» Prompt:
The answer must consist only of the lines from the line with "Bridal Veil Wedding" to the line with "Screenshot of seenitapp.org", both included, exactly as they stand below.

------------------------------

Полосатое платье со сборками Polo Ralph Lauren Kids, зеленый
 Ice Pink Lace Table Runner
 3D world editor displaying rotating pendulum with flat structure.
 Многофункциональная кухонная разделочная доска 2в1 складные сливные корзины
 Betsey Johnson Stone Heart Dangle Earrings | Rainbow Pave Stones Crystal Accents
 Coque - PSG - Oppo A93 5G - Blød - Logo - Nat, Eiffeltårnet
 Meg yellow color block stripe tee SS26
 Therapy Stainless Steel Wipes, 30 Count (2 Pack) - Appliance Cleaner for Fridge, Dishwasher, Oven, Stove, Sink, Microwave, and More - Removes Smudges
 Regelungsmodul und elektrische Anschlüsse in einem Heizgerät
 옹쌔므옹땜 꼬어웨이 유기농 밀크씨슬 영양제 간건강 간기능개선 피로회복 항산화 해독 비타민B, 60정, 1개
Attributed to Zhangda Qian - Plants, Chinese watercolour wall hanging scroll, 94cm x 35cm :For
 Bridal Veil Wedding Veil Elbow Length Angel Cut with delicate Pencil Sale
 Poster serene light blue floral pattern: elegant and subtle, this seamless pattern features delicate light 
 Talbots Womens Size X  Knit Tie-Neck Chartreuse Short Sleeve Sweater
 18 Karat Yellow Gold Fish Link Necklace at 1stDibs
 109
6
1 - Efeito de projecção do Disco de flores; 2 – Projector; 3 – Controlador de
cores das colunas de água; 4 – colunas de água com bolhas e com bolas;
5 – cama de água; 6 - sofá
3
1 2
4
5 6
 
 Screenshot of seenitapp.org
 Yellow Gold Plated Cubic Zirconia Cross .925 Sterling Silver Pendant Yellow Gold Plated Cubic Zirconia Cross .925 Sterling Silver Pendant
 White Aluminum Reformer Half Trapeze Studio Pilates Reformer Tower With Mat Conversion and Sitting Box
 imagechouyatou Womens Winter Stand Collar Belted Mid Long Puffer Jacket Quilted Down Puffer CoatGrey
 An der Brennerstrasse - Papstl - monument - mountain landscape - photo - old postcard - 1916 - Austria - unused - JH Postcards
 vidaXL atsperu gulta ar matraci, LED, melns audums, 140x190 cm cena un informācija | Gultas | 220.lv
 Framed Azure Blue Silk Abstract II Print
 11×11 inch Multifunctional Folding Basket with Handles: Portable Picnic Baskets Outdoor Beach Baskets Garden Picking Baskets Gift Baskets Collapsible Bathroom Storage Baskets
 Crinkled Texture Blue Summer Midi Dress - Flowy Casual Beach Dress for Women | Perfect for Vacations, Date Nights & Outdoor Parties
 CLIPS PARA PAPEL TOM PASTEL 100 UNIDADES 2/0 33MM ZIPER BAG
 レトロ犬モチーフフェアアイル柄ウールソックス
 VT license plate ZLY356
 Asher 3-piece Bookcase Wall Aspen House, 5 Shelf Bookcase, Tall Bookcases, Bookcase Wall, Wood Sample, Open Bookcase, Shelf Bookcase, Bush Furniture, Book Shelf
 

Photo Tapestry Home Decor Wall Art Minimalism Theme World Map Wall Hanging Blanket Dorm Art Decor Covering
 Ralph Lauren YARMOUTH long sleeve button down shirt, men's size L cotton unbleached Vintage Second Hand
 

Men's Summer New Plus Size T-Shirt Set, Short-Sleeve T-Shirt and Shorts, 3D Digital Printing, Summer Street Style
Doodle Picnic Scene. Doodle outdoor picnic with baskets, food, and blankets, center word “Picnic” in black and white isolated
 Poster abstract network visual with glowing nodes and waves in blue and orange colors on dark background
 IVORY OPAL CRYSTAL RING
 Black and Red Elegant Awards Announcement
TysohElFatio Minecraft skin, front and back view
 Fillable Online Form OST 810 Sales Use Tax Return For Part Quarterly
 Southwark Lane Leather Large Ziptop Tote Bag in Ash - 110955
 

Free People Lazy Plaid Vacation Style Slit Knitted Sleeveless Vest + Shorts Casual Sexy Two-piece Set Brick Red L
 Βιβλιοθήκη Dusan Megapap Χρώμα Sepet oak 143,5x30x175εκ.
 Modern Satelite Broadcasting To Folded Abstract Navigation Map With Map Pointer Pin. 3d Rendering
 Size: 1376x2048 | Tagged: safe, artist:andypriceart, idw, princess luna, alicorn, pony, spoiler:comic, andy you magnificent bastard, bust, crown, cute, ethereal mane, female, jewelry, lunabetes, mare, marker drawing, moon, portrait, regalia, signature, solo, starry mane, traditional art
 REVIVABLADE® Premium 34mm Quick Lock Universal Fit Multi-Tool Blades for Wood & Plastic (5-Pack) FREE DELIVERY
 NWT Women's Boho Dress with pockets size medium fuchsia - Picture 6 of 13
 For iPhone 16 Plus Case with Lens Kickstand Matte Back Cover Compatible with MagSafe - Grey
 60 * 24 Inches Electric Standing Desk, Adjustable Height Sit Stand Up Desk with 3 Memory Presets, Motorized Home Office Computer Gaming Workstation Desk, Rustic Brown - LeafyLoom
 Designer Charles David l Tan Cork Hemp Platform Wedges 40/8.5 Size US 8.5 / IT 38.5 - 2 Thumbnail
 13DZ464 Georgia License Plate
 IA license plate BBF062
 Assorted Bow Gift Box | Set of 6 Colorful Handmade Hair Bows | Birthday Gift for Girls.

------------------------------

» Your response:
 Bridal Veil Wedding Veil Elbow Length Angel Cut with delicate Pencil Sale
 Poster serene light blue floral pattern: elegant and subtle, this seamless pattern features delicate light 
 Talbots Womens Size X  Knit Tie-Neck Chartreuse Short Sleeve Sweater
 18 Karat Yellow Gold Fish Link Necklace at 1stDibs
 109
6
1 - Efeito de projecção do Disco de flores; 2 – Projector; 3 – Controlador de
cores das colunas de água; 4 – colunas de água com bolhas e com bolas;
5 – cama de água; 6 - sofá
3
1 2
4
5 6
 
 Screenshot of seenitapp.org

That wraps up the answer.